Skyler received his first of 4 weekly doses of 300mg of Soliris on April 7th. On May 5, 2009 Skyler received his first 600mg "megadose" of Soliris with treatment of this IV infusion to continue once every two weeks. Tomorrow is his 4th 600mg infusion of Soliris, with no labs or other medical interventions in between. Skyler's only medication now is one 250mg Amoxycillin dose daily, a prophylactic dose just as a preventive measure. Hooray, Skyler is an active and clever boy whose labs have remained at or near normal for a well over a month now!
Hi there - we are also watching all developments with Soliris. Currently we are on PD and doing well. We don't qualify for the first round of studies on Soliris both b/c of age and also the fact that we are on dialysis. So Hyde would need to do Soliris in conjunction with a kidney transplant.

We most likely won't be able to wait long enough to be in an actual trial - and have discussed requesting a compassionate waiver with our dr's - but while he's stable - we are going to wait to see how much other information comes out before pursuing other options.

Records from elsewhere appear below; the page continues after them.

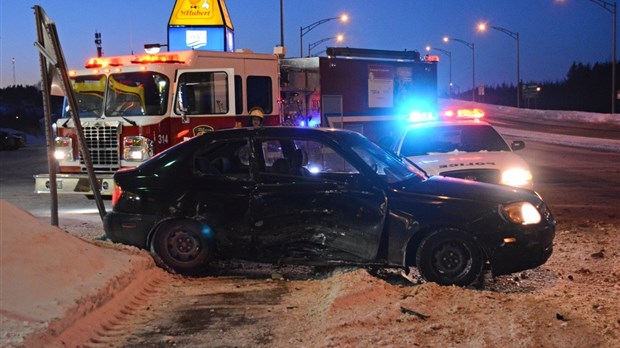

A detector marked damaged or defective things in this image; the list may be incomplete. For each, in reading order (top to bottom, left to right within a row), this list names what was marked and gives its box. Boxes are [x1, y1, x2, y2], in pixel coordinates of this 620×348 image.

damaged dark sedan [104, 127, 556, 286] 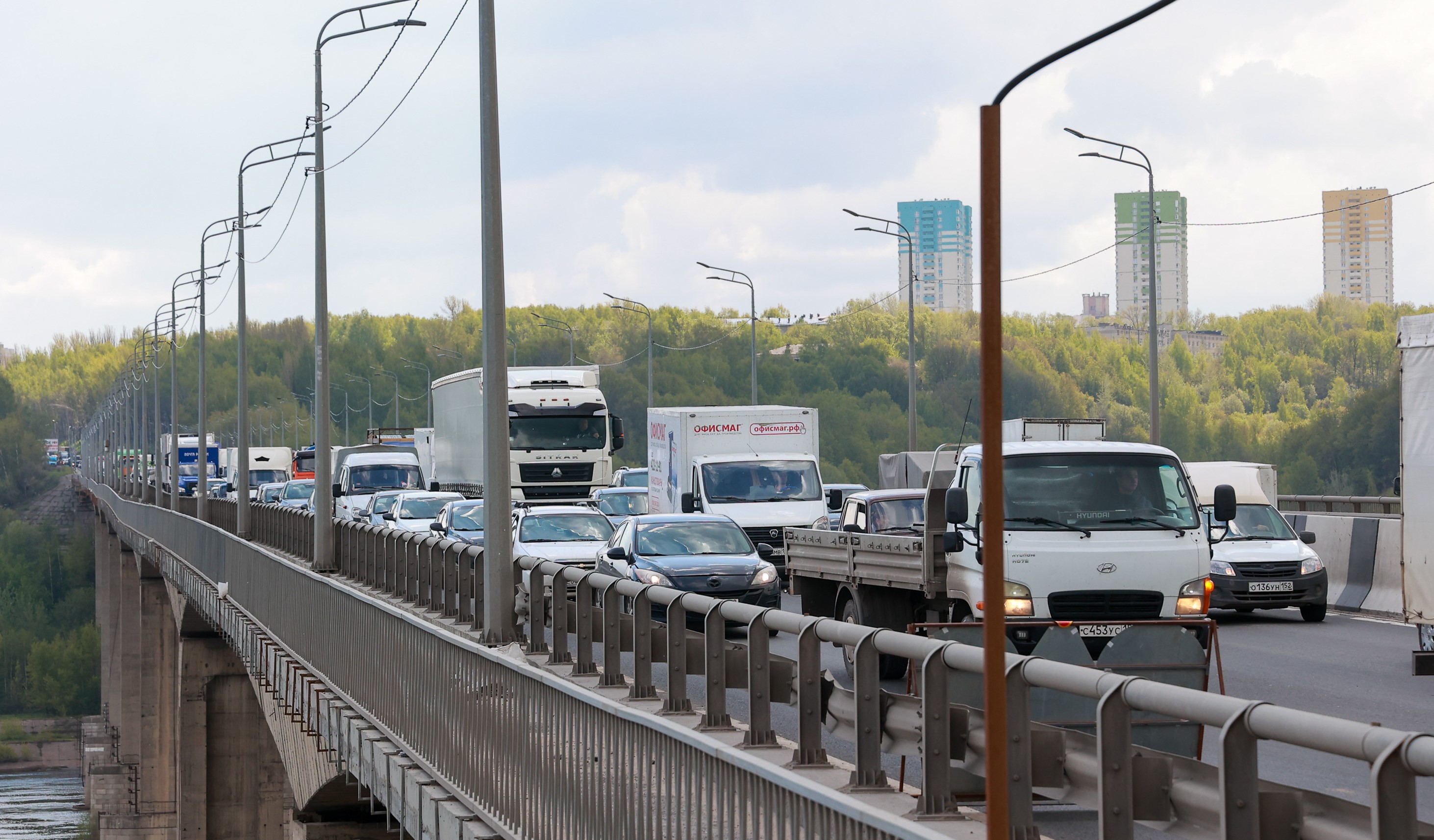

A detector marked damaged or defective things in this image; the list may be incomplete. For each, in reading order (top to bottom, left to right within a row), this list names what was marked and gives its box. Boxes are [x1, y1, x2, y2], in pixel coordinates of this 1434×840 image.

rusty metal pole [975, 103, 1009, 837] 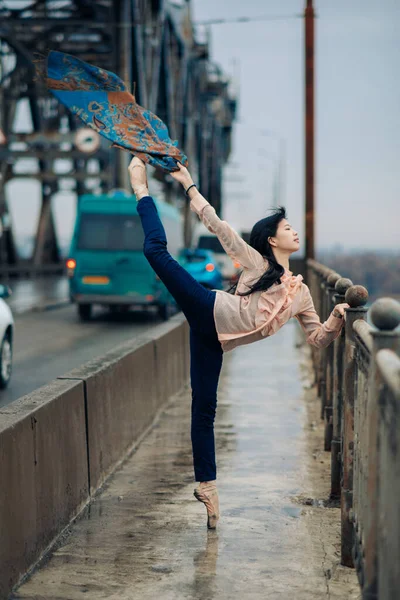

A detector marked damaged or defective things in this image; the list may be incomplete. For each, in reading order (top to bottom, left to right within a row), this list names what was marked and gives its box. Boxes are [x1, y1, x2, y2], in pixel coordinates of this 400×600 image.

rusty metal railing [306, 258, 400, 600]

Coen has been receiving Soliris since April 22. For all those who love labs, I’ll try to give a rundown of lab values since the start of Soliris. I may have dates off by a day or two…let me know if you have questions
At the start of Soliris, Coen was hospitalized and getting daily pheresis, IVIG twice a week, hemo dialysis and getting RBC transfusions as needed. Once Soliris is started pheresis and dialysis were stopped completely. Soliris protocol is identical to Skyler's.

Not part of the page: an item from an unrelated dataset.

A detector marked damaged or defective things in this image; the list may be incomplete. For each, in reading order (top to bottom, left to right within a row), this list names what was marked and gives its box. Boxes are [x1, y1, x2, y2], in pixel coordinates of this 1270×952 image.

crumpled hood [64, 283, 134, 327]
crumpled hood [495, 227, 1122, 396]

• April 22: First dose of Soliris: Platelets 220. Very high BP. Creatinine 3.0.
• Day 2: Platelets 250. Starts feeling a little better. No pheresis. No dialysis.

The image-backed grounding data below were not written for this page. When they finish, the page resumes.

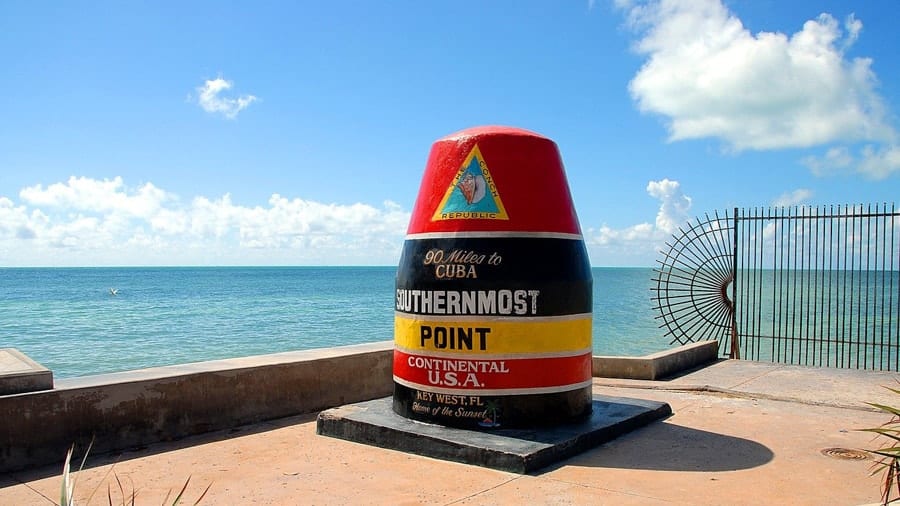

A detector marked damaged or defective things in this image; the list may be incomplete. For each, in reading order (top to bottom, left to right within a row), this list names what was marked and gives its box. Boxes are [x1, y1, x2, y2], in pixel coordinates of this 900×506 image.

rusty metal fan grate [652, 211, 740, 358] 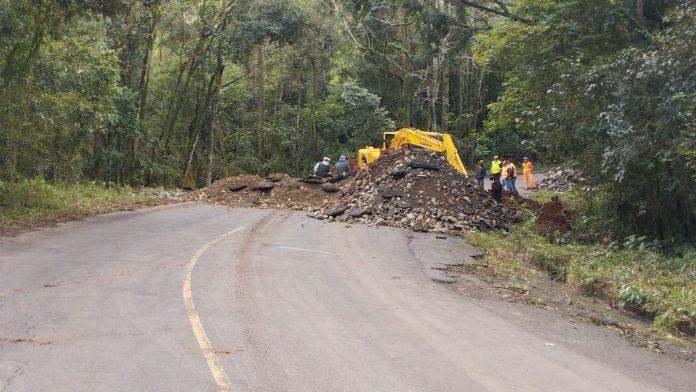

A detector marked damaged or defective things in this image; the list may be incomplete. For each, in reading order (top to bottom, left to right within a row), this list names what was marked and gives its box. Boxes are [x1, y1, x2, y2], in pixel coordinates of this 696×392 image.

cracked asphalt [0, 204, 692, 390] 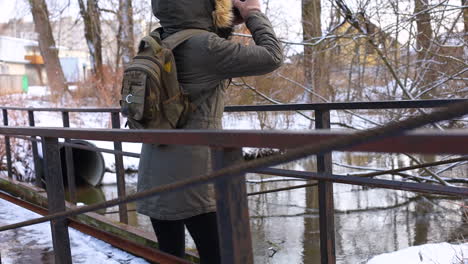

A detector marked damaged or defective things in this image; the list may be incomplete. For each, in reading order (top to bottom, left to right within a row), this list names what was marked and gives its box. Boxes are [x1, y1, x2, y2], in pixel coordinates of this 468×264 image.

rusted metal surface [41, 137, 72, 262]
rusted metal surface [0, 192, 192, 264]
rusted metal surface [111, 112, 129, 224]
rusty metal railing [0, 99, 466, 264]
rusted metal surface [213, 148, 254, 264]
rusted metal surface [0, 127, 468, 154]
rusted metal surface [314, 110, 336, 264] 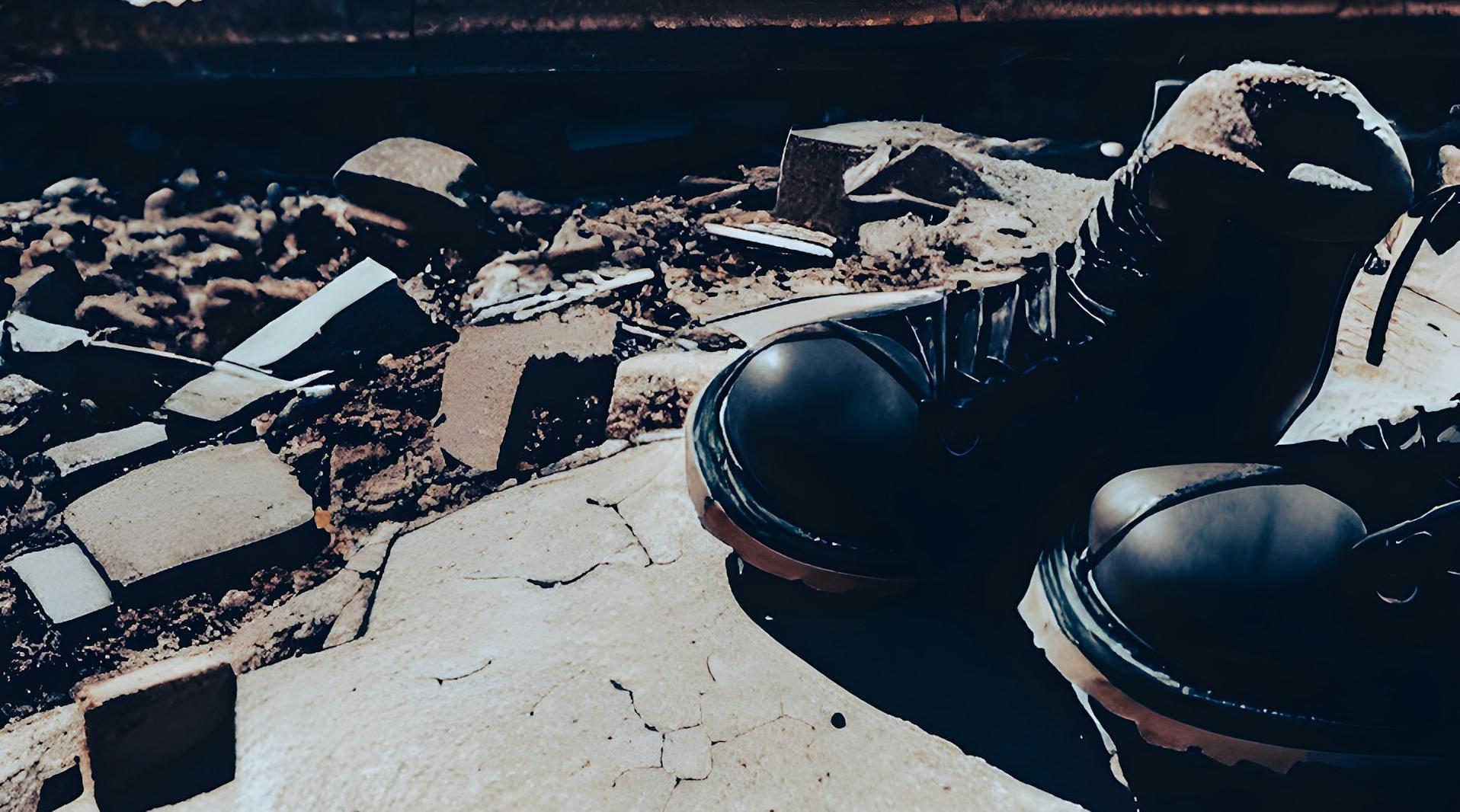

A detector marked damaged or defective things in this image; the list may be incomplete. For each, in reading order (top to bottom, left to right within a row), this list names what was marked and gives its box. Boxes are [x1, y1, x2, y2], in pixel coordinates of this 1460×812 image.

shattered tile [335, 136, 485, 225]
shattered tile [433, 308, 616, 472]
shattered tile [607, 347, 744, 436]
shattered tile [64, 442, 315, 582]
shattered tile [7, 542, 112, 625]
cracked concrete floor [171, 439, 1079, 804]
shattered tile [77, 652, 236, 810] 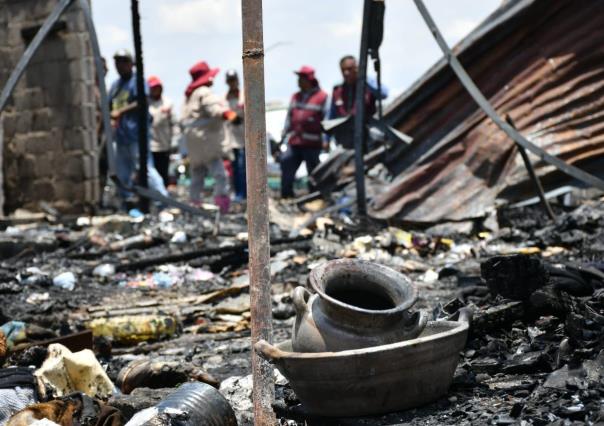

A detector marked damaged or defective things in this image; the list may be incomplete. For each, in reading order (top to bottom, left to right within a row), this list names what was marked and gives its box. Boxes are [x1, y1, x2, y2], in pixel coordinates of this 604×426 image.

rusty metal pole [242, 0, 278, 422]
rusted metal sheet [242, 0, 278, 422]
rusty metal pole [352, 0, 370, 215]
rusted metal sheet [370, 0, 604, 221]
crumpled sheet metal [370, 0, 604, 225]
burnt metal bucket [258, 308, 470, 418] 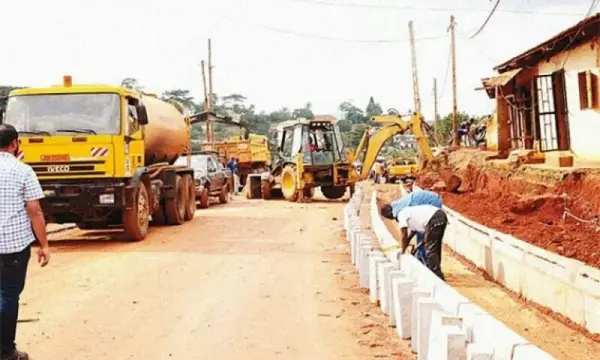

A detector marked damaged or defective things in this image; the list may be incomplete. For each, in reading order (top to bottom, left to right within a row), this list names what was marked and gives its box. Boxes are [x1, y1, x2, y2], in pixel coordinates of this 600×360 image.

rusty metal roof [492, 11, 600, 73]
rusty metal roof [476, 67, 524, 97]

• Day 3: Platelets 260. Still shows schistocytes. Urine output starts to improve. Lots of energy. Feeling good.
• Day 4: Platelets 281. RBC increases. Creatinine 2.8. Urine output continues to improve but there is unexpected whole red blood cells in urine. No schistocytes.
• Day 5: PLT 254. Creatinine decreases. BP coming down. Feeling great. No more red cells in urine. Electrolytes start becoming stable. Ins & Outs match.
• April 29: 2nd dose of Soliris. No dialysis or pheresis for 1 week. PLT 232. Kidney function stable. Creatinine 2.4. Dialysis catheter removed. Released from hospital.
• May 5: 3rd dose of Soliris. PLT 261 Creatinine 2.1. Back in school and feeling great.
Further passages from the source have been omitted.